:: Task goal ::
Only the lines below from the one that contains "Now you can" through the one that contains "Development of all" should appear in your answer, exact and without pictures.

:: Data for this exercise ::
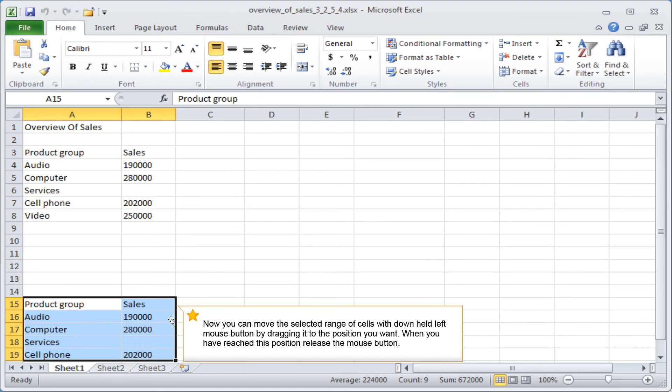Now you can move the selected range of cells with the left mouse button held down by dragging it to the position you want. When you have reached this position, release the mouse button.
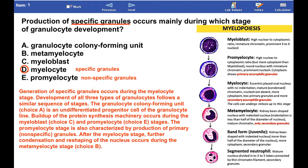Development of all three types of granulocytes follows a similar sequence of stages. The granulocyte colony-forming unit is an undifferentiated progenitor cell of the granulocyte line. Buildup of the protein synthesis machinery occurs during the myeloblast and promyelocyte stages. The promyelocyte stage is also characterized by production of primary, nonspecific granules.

...

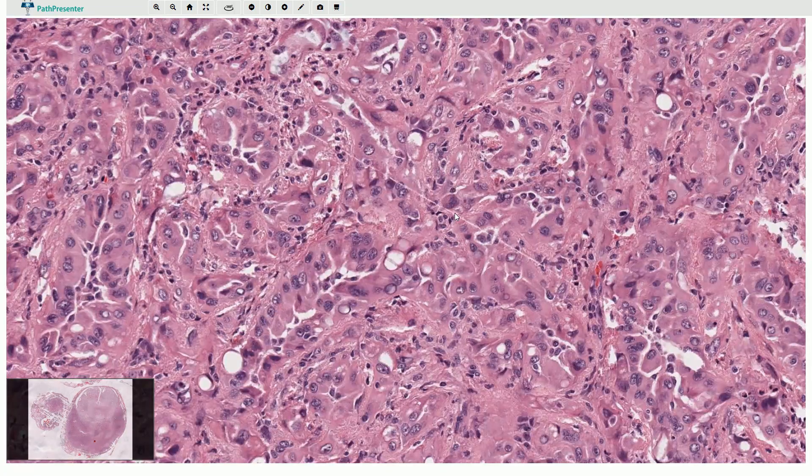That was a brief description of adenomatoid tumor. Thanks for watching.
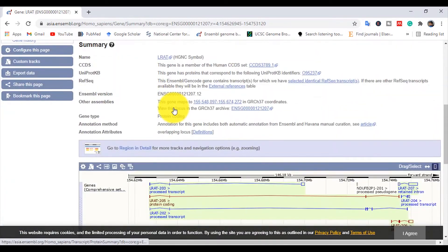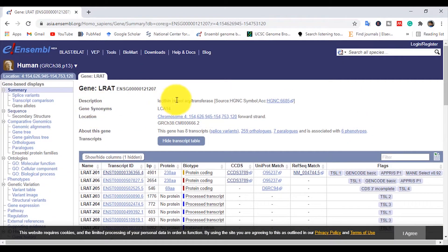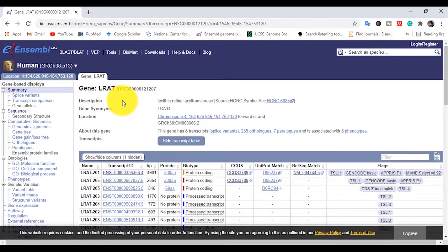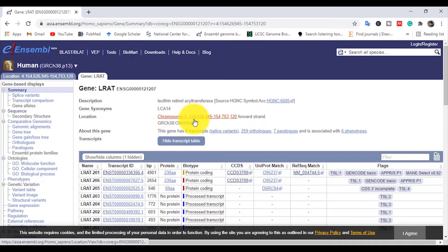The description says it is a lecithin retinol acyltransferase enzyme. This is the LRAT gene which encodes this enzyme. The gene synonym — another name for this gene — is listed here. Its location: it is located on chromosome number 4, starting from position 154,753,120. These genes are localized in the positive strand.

:: Your response ::
Now you can move the selected range of cells with the left mouse button held down by dragging it to the position you want. When you have reached this position, release the mouse button.
Development of all three types of granulocytes follows a similar sequence of stages. The granulocyte colony-forming unit is an undifferentiated progenitor cell of the granulocyte line. Buildup of the protein synthesis machinery occurs during the myeloblast and promyelocyte stages. The promyelocyte stage is also characterized by production of primary, nonspecific granules.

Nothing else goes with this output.